# Nile Cruise



## Lanason (Sep 1, 2009)

I'm looking to fly my Dad and Step Mum over in Feb for the 4 of us to do a Nile Cruise (Luxor - Aswan) and then stay a few days in Aswan.

Does anyone have any recommendations for:-
- Travel Agents
- Nile Boats (the good ones)
- hotels in Aswan (nice ones - but not OTT)

Thanks

Adrian


----------



## Charlie's Angel (Nov 28, 2010)

Lanason said:


> I'm looking to fly my Dad and Step Mum over in Feb for the 4 of us to do a Nile Cruise (Luxor - Aswan) and then stay a few days in Aswan.
> 
> Does anyone have any recommendations for:-
> - Travel Agents
> ...


Hi Lanason :wave:

I can recommend the cruise with Thomas Cook, I was staying on the Terramar, it's a small boat but very nice, it's in their 'Style' brochure, I think they class it as their delux boat, I noticed it had 100% marks for everything food/accomodation/rooms etc.

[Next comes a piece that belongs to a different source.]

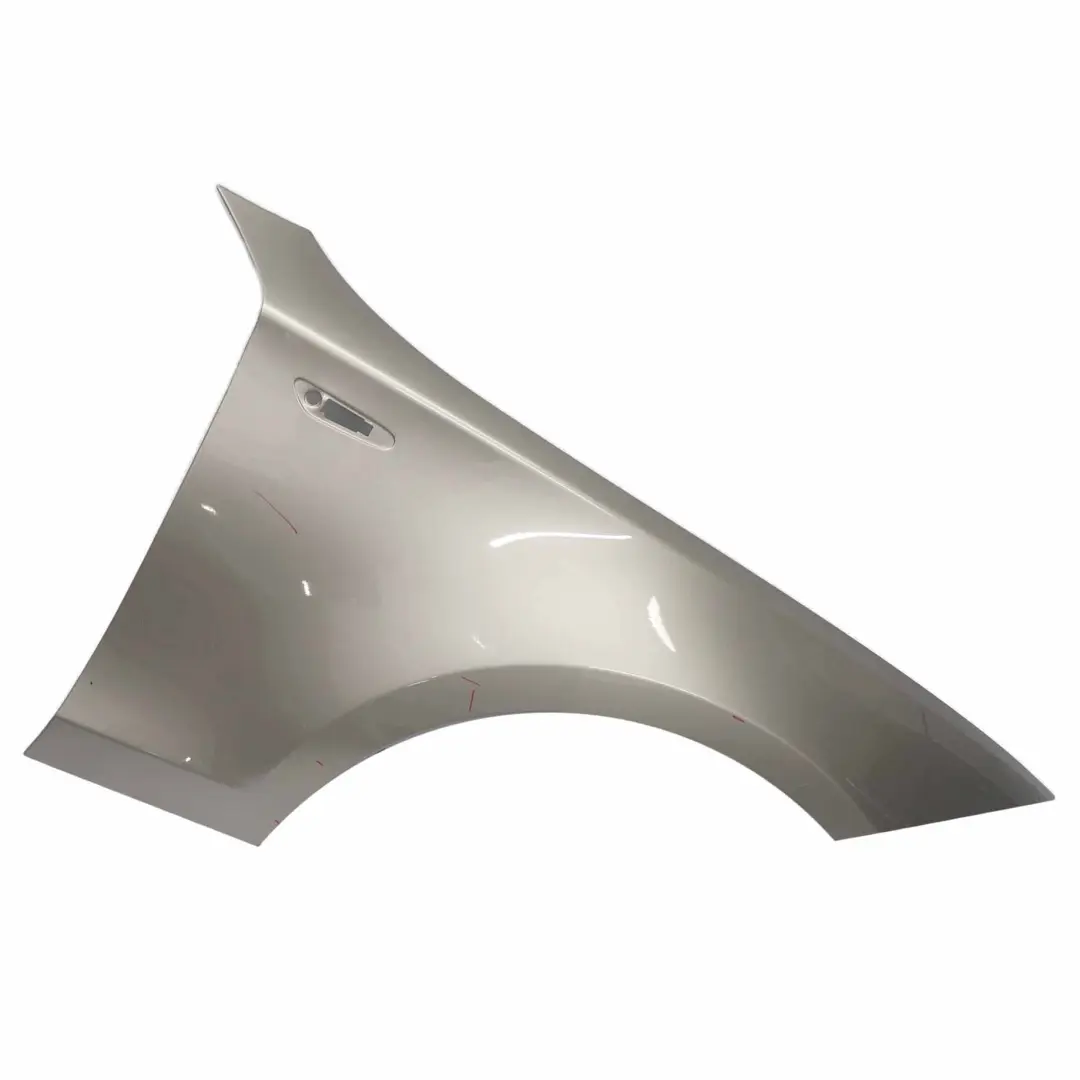 Side Panel Front Right O/S Wing Panel Fender Kaschmirsilber - A72 to BMW E81 E87 with Part number 7133228 BMW E81 E87 Side Panel Front Right O/S Wing Panel Fender Kaschmirsilber - A72 - SKU 7133228-KAS1 - Part number 7133228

There's only 20 suites on board so not over crowded. The tours were excellent always back on the boat for lunch 1.30 everyday, so you have all afternoon to relax. Not a great deal of evening entertainment, but it is there every other night if you want it, and it really was a good laugh!! I can highly recommend it 

Don't know much about hotels in Aswan caus the boat was my hotel. But if you want to know anymore about the cruise just PM me.


----------



## Whiskey96 (Jun 6, 2010)

Contact the Sonesta Hotel in Heliopolis - they have their own boats, and I am told they are excellent... You may also get a better deal going directly. Contact Hotel P.R.


----------